Dnia 22 maja 2015 r.

Sąd Okręgowy w Białymstoku VIII Wydział Karny Odwoławczy w składzie:

Przewodniczący: SSO Marek Wasiluk

Protokolant: Aneta Chardziejko

przy udziale Prokuratora Ewy Minor - Olszewskiej

po rozpoznaniu w dniu 22 maja 2015 r.

sprawy S. S.

oskarżonego z art. 157 § 1 i 4 k.k. i z art. 288 § 1 k.k.

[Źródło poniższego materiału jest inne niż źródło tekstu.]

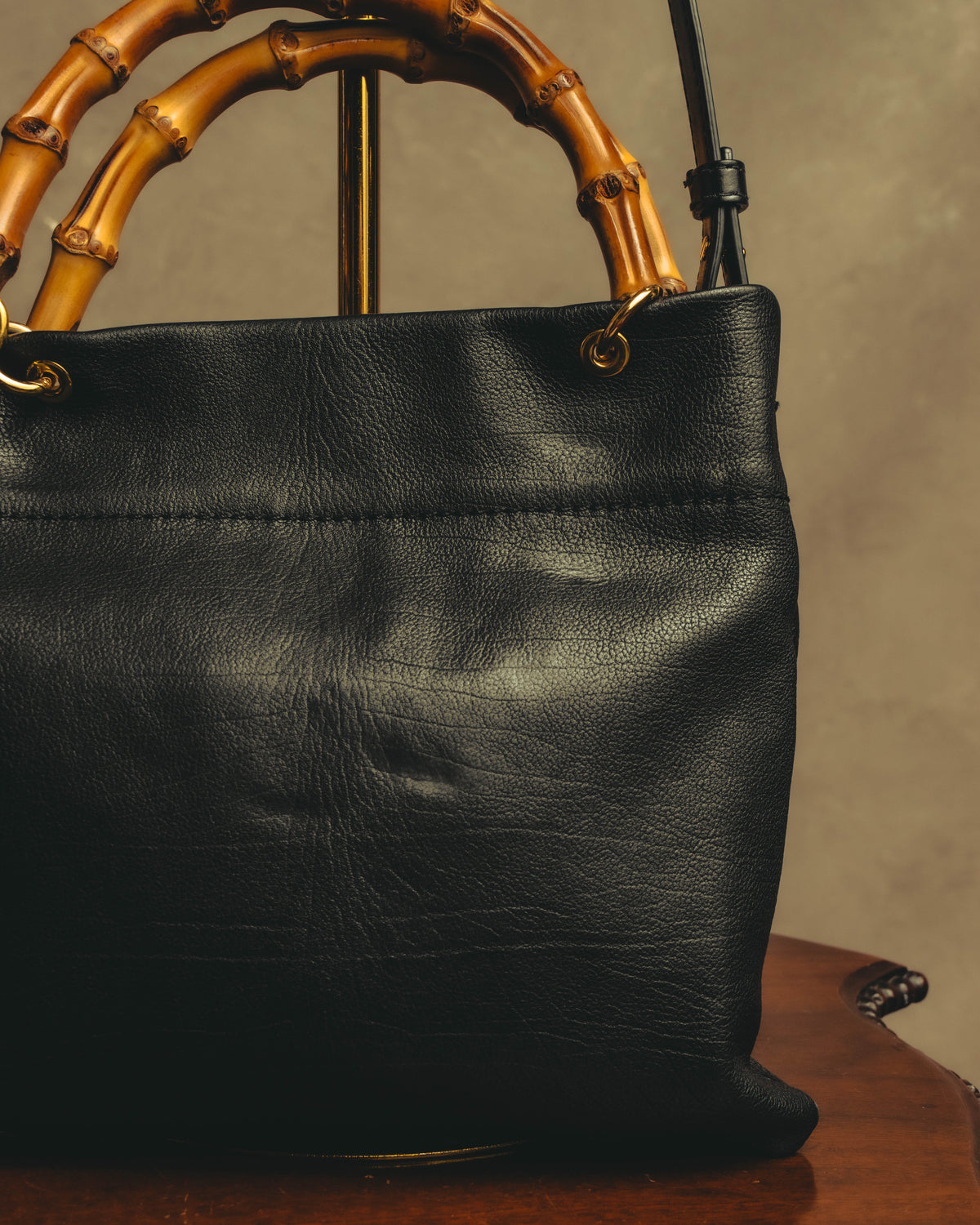 –SPECIAL– “JIL SANDER” 20’s Bamboo handle grained leather shopper bag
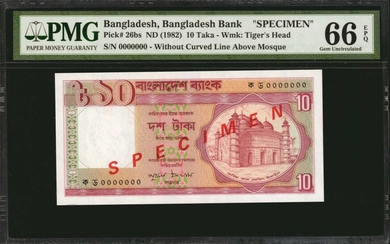 BANGLADESH. Bangladesh Bank. 10 Taka, ND (1982). P-26bs. Specimen. PMG Superb Gem Uncirculated 66.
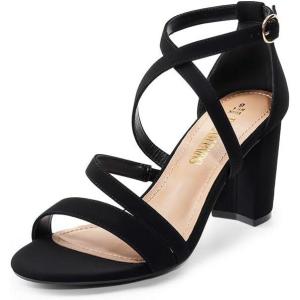 imageDREAM PAIRS Womens Ankle Strap Dress Pump Low Chunky Heel SandalsBlacknubuck
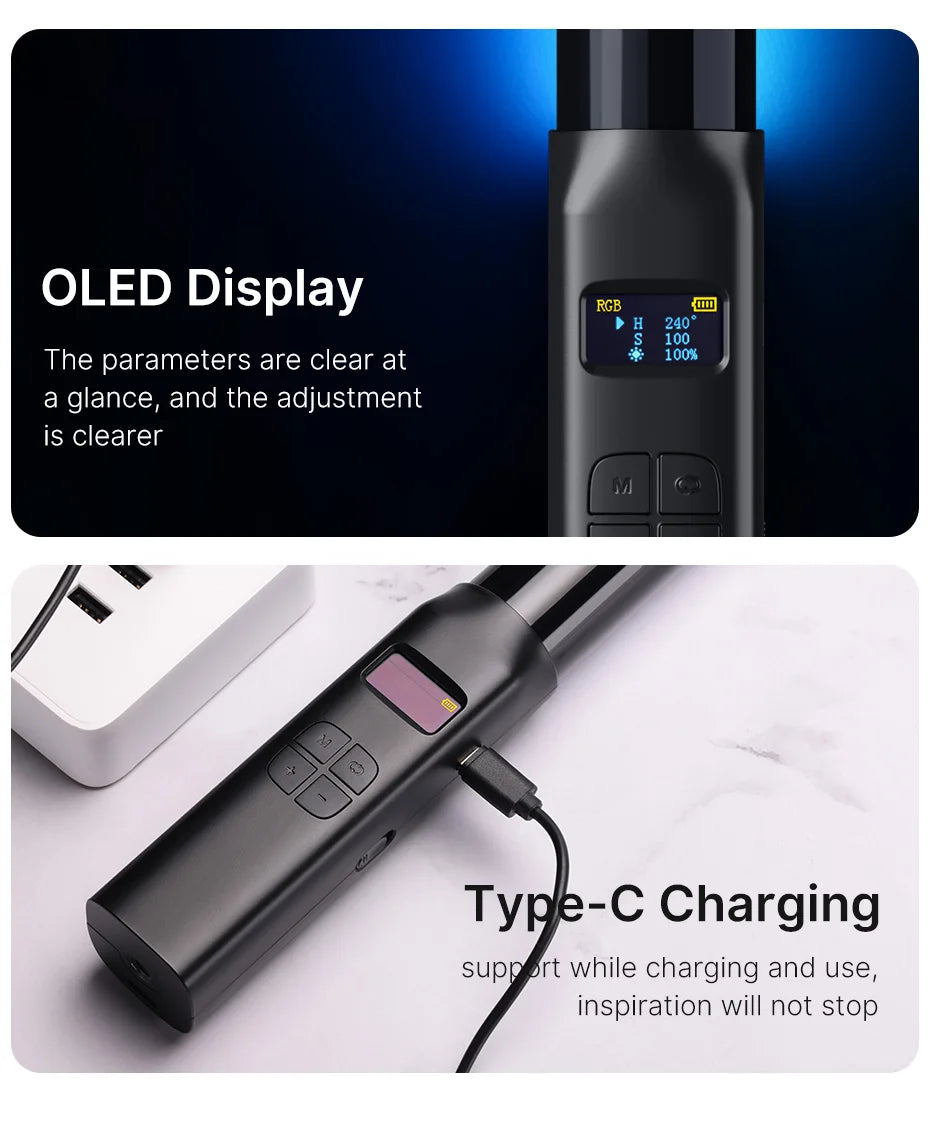 ULANZI VL119 RGB – Bastão LED Portátil, Ajuste Total de Cor e Brilho ULANZI VL119 RGB – Bastão LED Portátil, Ajuste Total de Cor e Brilho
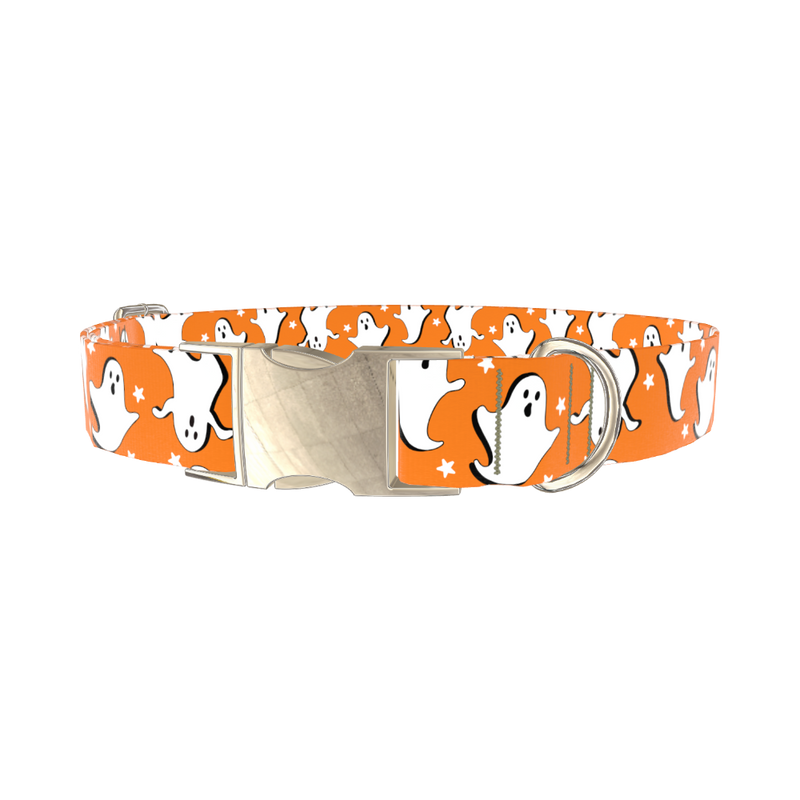 Halloween Ghost Stars Dog Collar - metal silver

na skutek apelacji wniesionej przez prokuratora i oskarżonego

od wyroku Sądu Rejonowego w Sokółce z dnia 22 stycznia 2015 r., sygn. akt II K 704/14

I.  Utrzymuje w mocy zaskarżony wyrok, uznając obie apelacje za oczywiście bezzasadne.

II.  Zasądza od Skarbu Państwa na rzecz adwokata K. R. kwotę 516 (pięćset szesnaście) złotych i 60 (sześćdziesiąt) groszy za obronę z urzędu w postępowaniu odwoławczym, w tym kwotę 96 (dziewięćdziesiąt sześć) złotych i 60 (sześćdziesiąt) groszy tytułem 23 % stawki podatku od towarów i usług.

III.  Zwalnia oskarżonego od ponoszenia opłaty i pozostałych kosztów sądowych za postępowanie odwoławcze.

UZASADNIENIE

S. S. został oskarżony o to, że :

I. w dniu 14 września 2014 roku około godziny 4:30 w mieszkaniu oznaczonym (...)budynku wielorodzinnego (...) przy ul. (...)w S., dokonał uszkodzenia ciała zamieszkującej wspólnie z nim konkubiny E. K., w ten sposób że szarpiąc i popychając a następnie uderzając pięściami i kopiąc w głowę i całe ciało spowodował u niej złamanie kości nosa, złamanie dolnej ściany oczodołu prawego, złamanie pierwszego zęba po stronie lewej w szczęce górnej, wykruszenia fragmentu pierwszego zęba po stronie lewej w szczęce dolnej, licznych podbiegnięć krwawych i zadrapań na całym ciele, które to obrażenia naruszyły czynności narządów ciała i spowodowały rozstrój jej zdrowia na okres powyżej dni 7, przy czym czynu tego dopuścił się przed upływem 5 lat od odbycia powyżej l roku kary pozbawienia wolności wymierzonej za umyślne przestępstwo podobne popełnione z użyciem przemocy, tj. o czyn z art. 157 § l i 4 k.k. w zw. z art. 64 § 2 kk.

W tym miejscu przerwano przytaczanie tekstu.